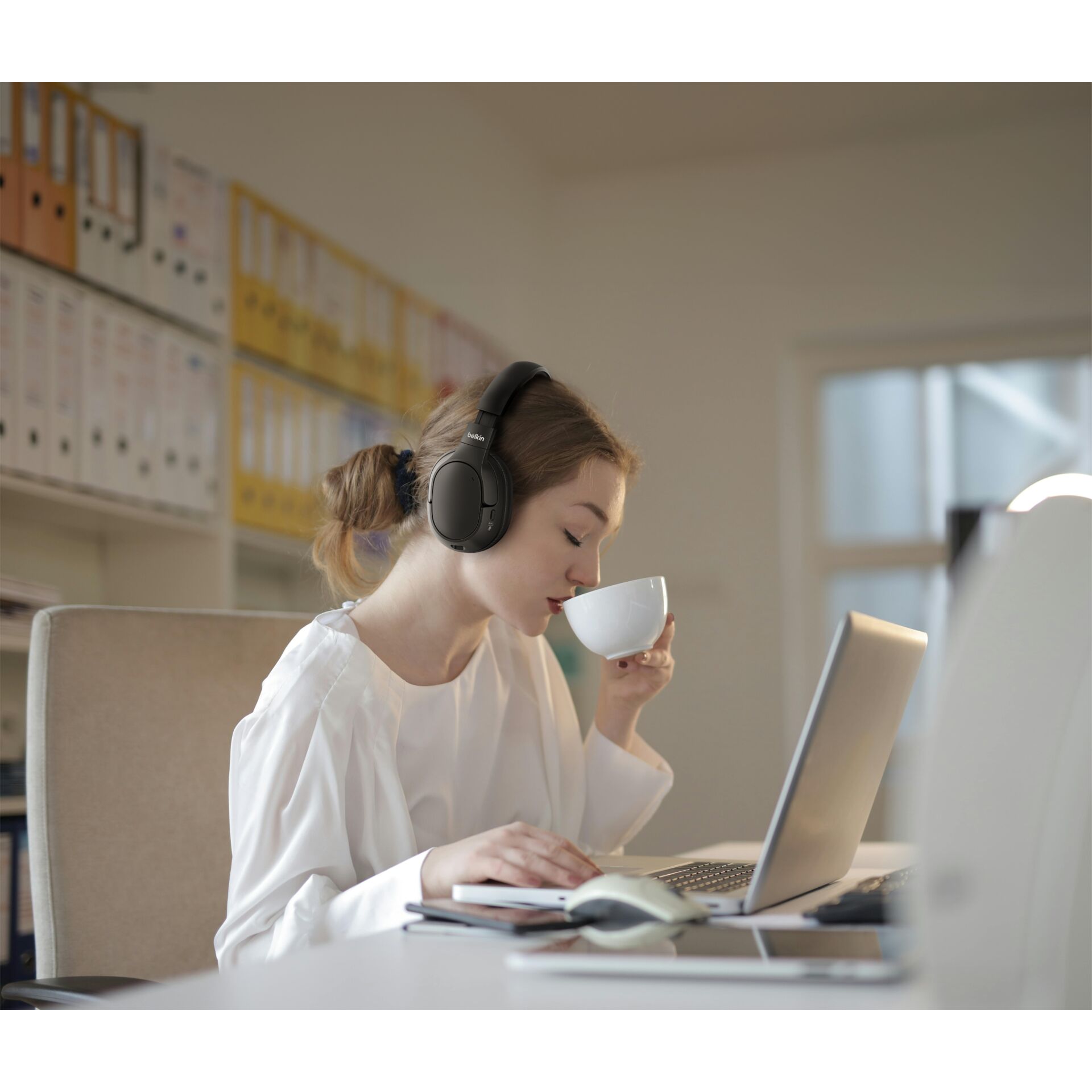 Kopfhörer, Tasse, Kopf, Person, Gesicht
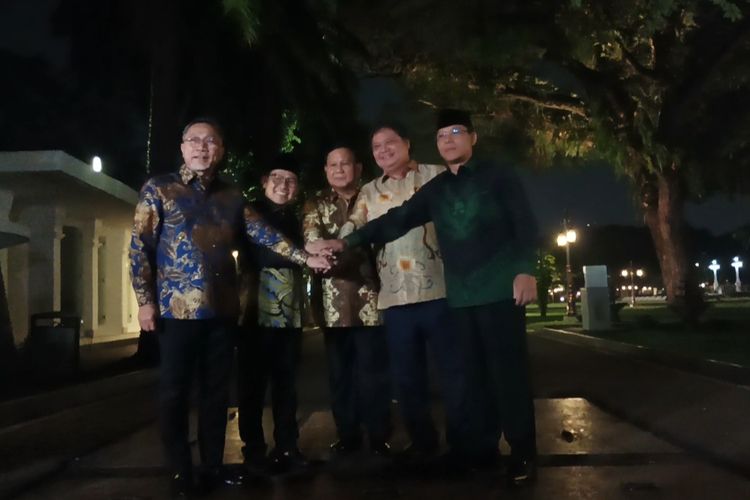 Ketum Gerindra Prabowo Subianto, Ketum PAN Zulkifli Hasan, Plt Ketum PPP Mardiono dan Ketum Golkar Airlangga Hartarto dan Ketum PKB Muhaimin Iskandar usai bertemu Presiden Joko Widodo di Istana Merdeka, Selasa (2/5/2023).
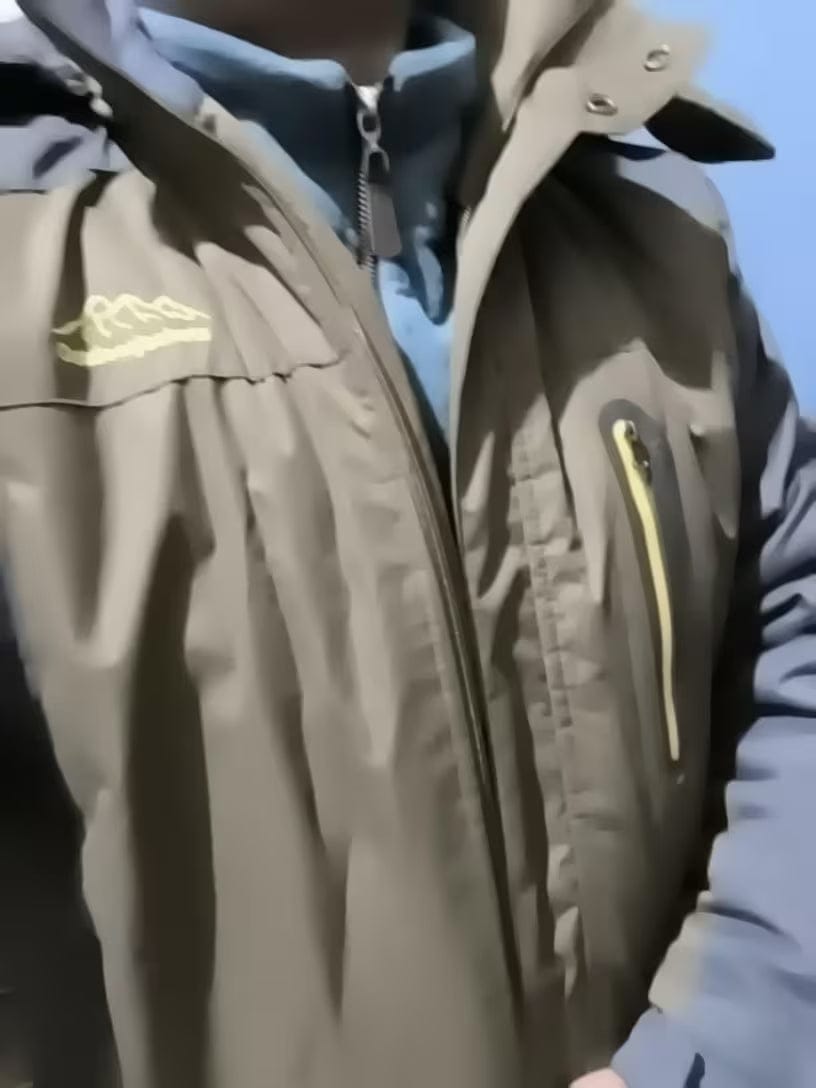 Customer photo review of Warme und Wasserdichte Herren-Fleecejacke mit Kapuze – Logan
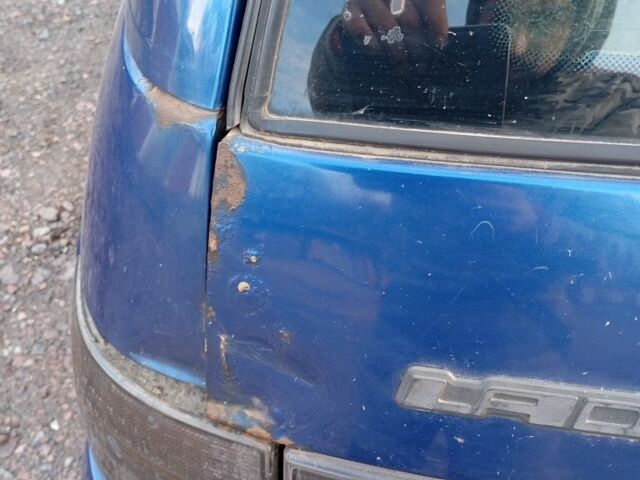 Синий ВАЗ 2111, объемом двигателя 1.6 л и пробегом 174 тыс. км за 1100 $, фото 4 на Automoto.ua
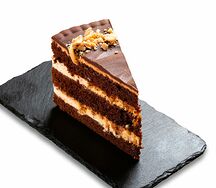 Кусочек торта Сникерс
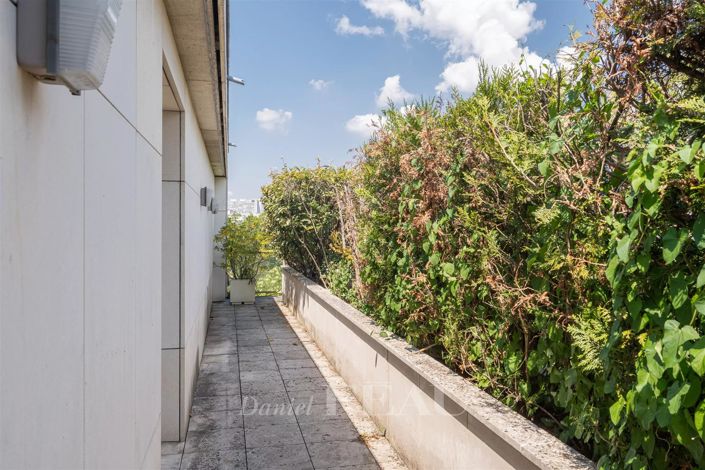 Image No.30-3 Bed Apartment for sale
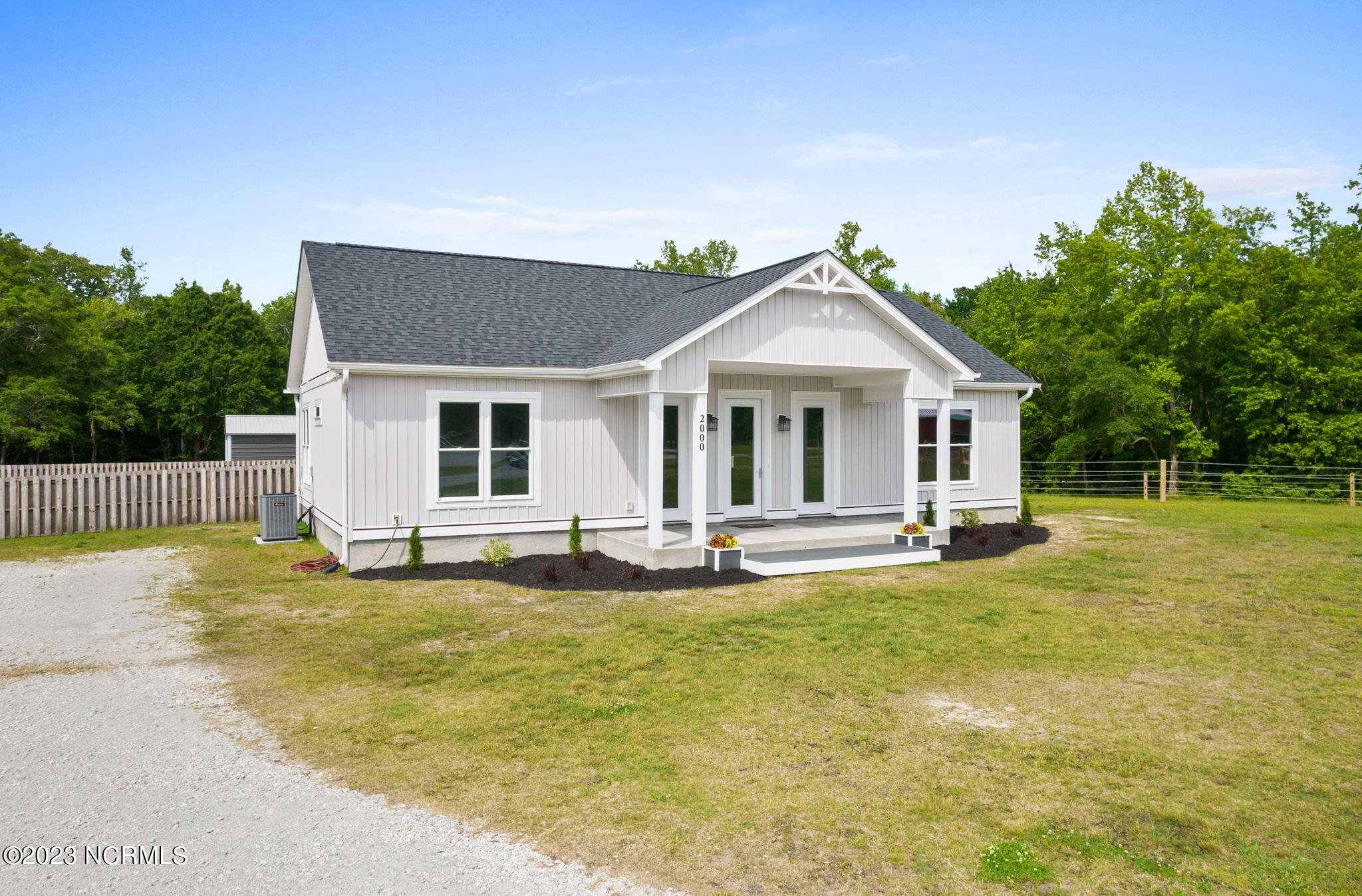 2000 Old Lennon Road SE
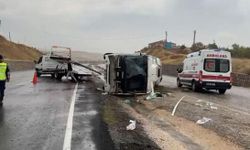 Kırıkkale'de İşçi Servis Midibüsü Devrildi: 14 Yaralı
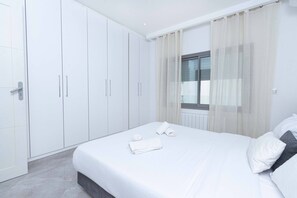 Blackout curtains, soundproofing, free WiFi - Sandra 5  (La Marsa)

**Task details**:
Transcribe all the material exactly; skip every image.

**Response for this exercise**:
 Kopfhörer, Tasse, Kopf, Person, Gesicht
 Ketum Gerindra Prabowo Subianto, Ketum PAN Zulkifli Hasan, Plt Ketum PPP Mardiono dan Ketum Golkar Airlangga Hartarto dan Ketum PKB Muhaimin Iskandar usai bertemu Presiden Joko Widodo di Istana Merdeka, Selasa (2/5/2023).
 Customer photo review of Warme und Wasserdichte Herren-Fleecejacke mit Kapuze – Logan
 Синий ВАЗ 2111, объемом двигателя 1.6 л и пробегом 174 тыс. км за 1100 $, фото 4 на Automoto.ua
 Кусочек торта Сникерс
 Image No.30-3 Bed Apartment for sale
 2000 Old Lennon Road SE
 Kırıkkale'de İşçi Servis Midibüsü Devrildi: 14 Yaralı
 Blackout curtains, soundproofing, free WiFi - Sandra 5  (La Marsa)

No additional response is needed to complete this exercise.